Il ressort également d’un rapport du 20 novembre 2015 que ce jour-là, soit la veille de l’incident, le recourant s’était montré agité en incitant un autre détenu à ne pas obéir aux ordres des agents, à les frapper et à les insulter.

Or, quelques jours auparavant, la direction de Curabilis avait déjà dû sanctionner le recourant d’un jour d’arrêt, avec un sursis d’un mois, pour son comportement récalcitrant.

d. Au vu de de ce qui précède, la sanction prononcée, à savoir sept jours d’arrêts en cellule forte, sans sursis, apparaît proportionnée à la faute commise, étant relevé que l’état de santé du recourant au moment des faits avait été pris en considération par l’autorité intimée.
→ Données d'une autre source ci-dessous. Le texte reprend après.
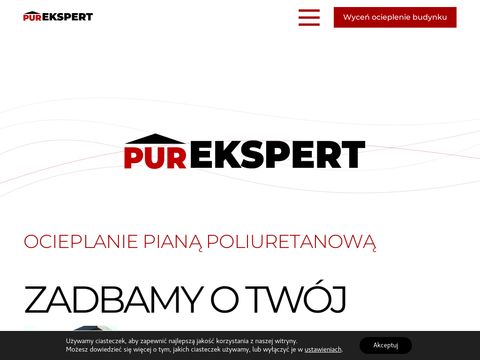 Purekspert.pl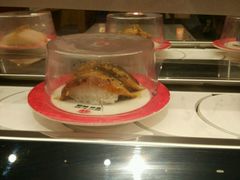 -友壹町寿司(嘉洲广场店)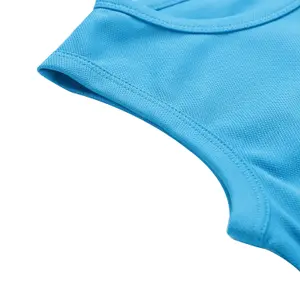 Kinder-Top Alpine Pro Neqo image-2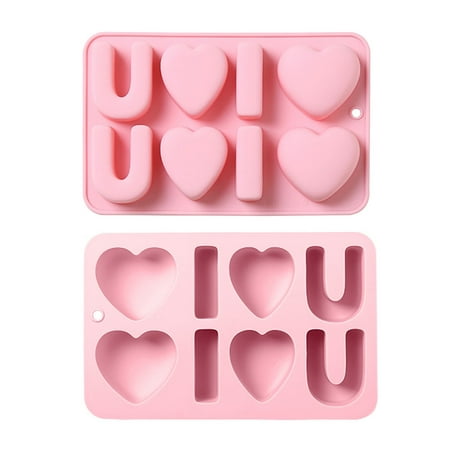 Christmas Decorations Washable Silicone Cake Cake Candy Chocolate Decorating Tray Diy Craft Project Christmas Gifts Silica Gel Pink
Christmas Decorations Washable Silicone Cake Cake Candy Chocolate Decorating Tray Diy Craft Project Christmas Gifts Silica Gel Pink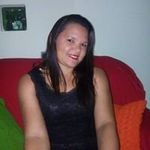 Nelda Silva - @nelda4601 - Instagram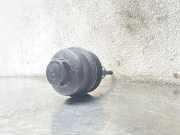 Ölfiltergehäusedeckel OPEL ZAFIRA B (A05) 1.9 CDTI 90571724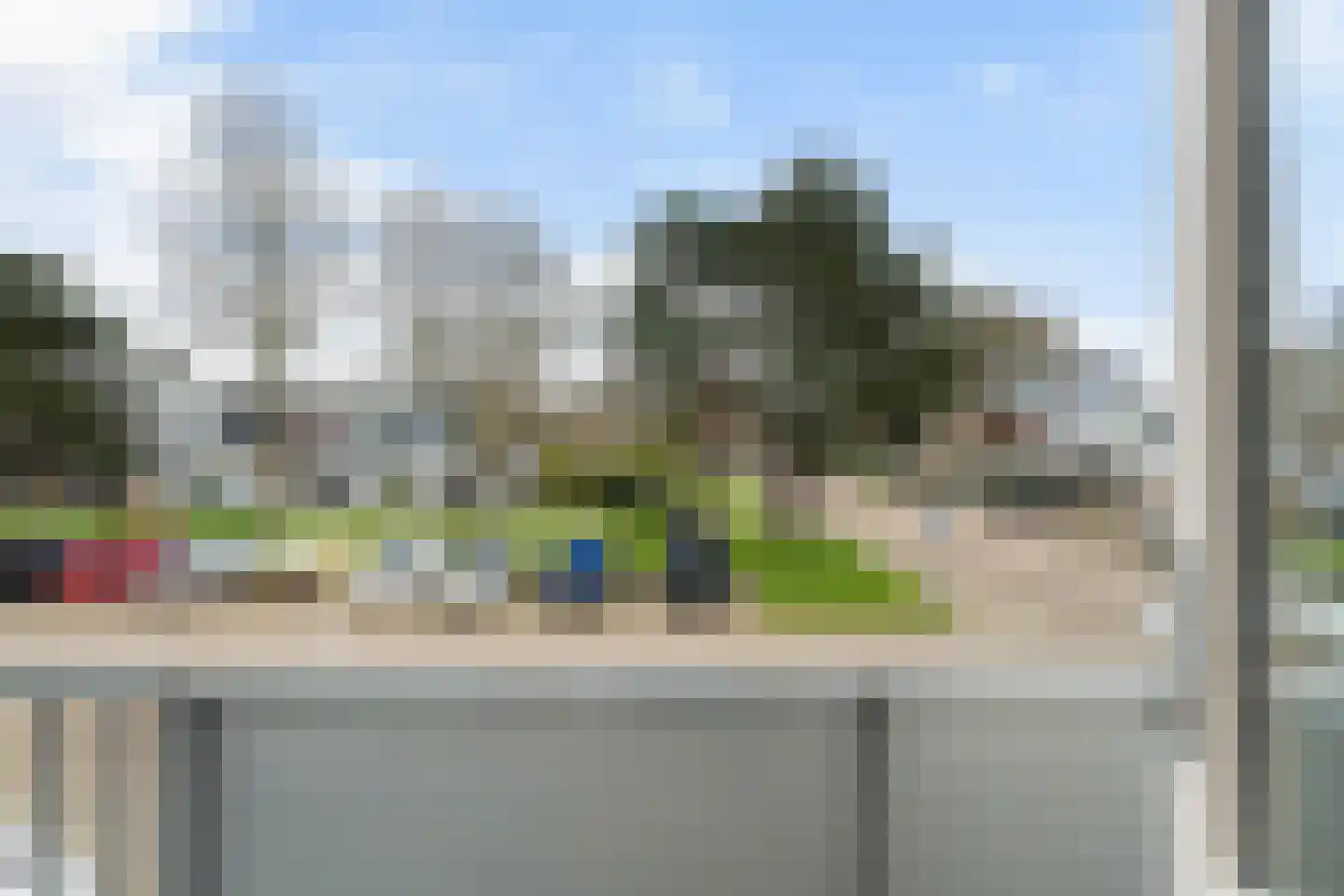 Wagnerstraat 13 Berkel en Rodenrijs thumbnail 4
9. Le recours sera par conséquent rejeté.

Vu la nature du litige et son issue, aucun émolument ne sera perçu et aucune indemnité ne sera allouée (art. 87 LPA ; art. 12 du règlement sur les frais, émoluments et indemnités en procédure administrative du 30 juillet 1986 - RFPA - E 5 10.03)

* * * * *

PAR CES MOTIFS
LA CHAMBRE ADMINISTRATIVE

à la forme :

déclare recevable le recours interjeté le 16 décembre 2015 par Monsieur A______ contre la décision du 23 novembre 2015 de l’établissement fermé de Curabilis ;

au fond :

le rejette ;

dit qu’il n’est pas prélevé d’émolument, ni alloué d’indemnité de procédure ;

dit que conformément aux art. 78 et ss de la loi fédérale sur le Tribunal fédéral du 17 juin 2005 (LTF - RS 173.110), le présent arrêt peut être porté dans les trente jours qui suivent sa notification par-devant le Tribunal fédéral, par la voie du recours en matière pénale ; le mémoire de recours doit indiquer les conclusions, motifs et moyens de preuve et porter la signature du recourant ou de son mandataire ; il doit être adressé au Tribunal fédéral, 1000 Lausanne 14, par voie postale ou par voie électronique aux conditions de l’art. 42 LTF. Le présent arrêt et les pièces en possession du recourant, invoquées comme moyens de preuve, doivent être joints à l’envoi ;

 

communique le présent arrêt à Monsieur A______ ainsi qu'à l'établissement fermé de Curabilis.

Siégeants : M. Thélin, président, Mme Payot Zen-Ruffinen, juge, Mme Steiner Schmid, juge suppléante.

Au nom de la chambre administrative :

la greffière-juriste :

 

 

S. Hüsler Enz

 

 

le président siégeant :

 

 

Ph. Thélin

 

 

Copie conforme de cet arrêt a été communiquée aux parties.